There's an interesting rabbit hole there: Can we get a proxy value for "actual economic activity" by crunching the blockchain, or will we need externl information feeds? Can it be made resilient enough to reject trying to game the system?
And then, there's the matter of "does anyone want to botstrap a truly stable currency?" Would you get many early participants if you say "it's explicitly designed to discourage speculative HODL behaviour?"
But up to now, crypto seems to have only led to chaos. Value changing by huge amount, pretty much constant stealing of massive sums by supposedly safe and large institutions. Even the relatively trusted coinbase has endless claims of poor treatment of their customers, losing funds.
I don’t think the thefts were by institutions considered safe or large. MtGox was always a tiny sketchy company (and I held coins there).

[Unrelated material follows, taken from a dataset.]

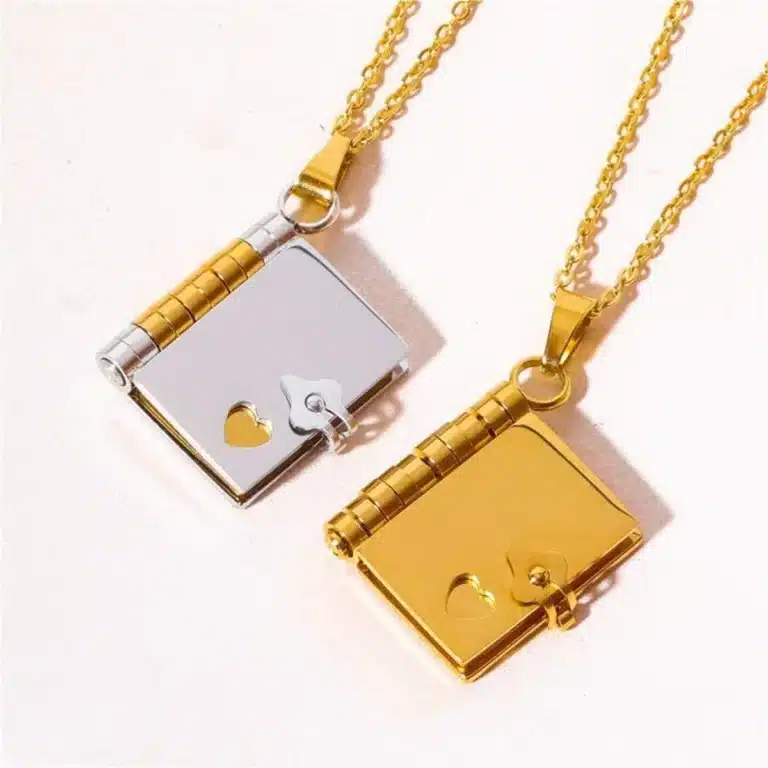 Collier couple personnalisé livre 1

I never kept more than half of my coins anywhere because I knew they could disappear at any moment. I don’t see how a conscientious person could have concluded otherwise.
Value has changed a lot, but that was expected too. There are stable broad trends. Seeing the stability is just a matter of seeing timescales.
I guess I don’t share your definition of chaos. Chaos means you can’t predict anything reliably. You can predict many things about Bitcoin.
Taken to the extreme, your comment seems to come from a “anything that’s not a US treasury bond is total chaos” viewpoint. But I know that’s not what you intended... perhaps you can clarify?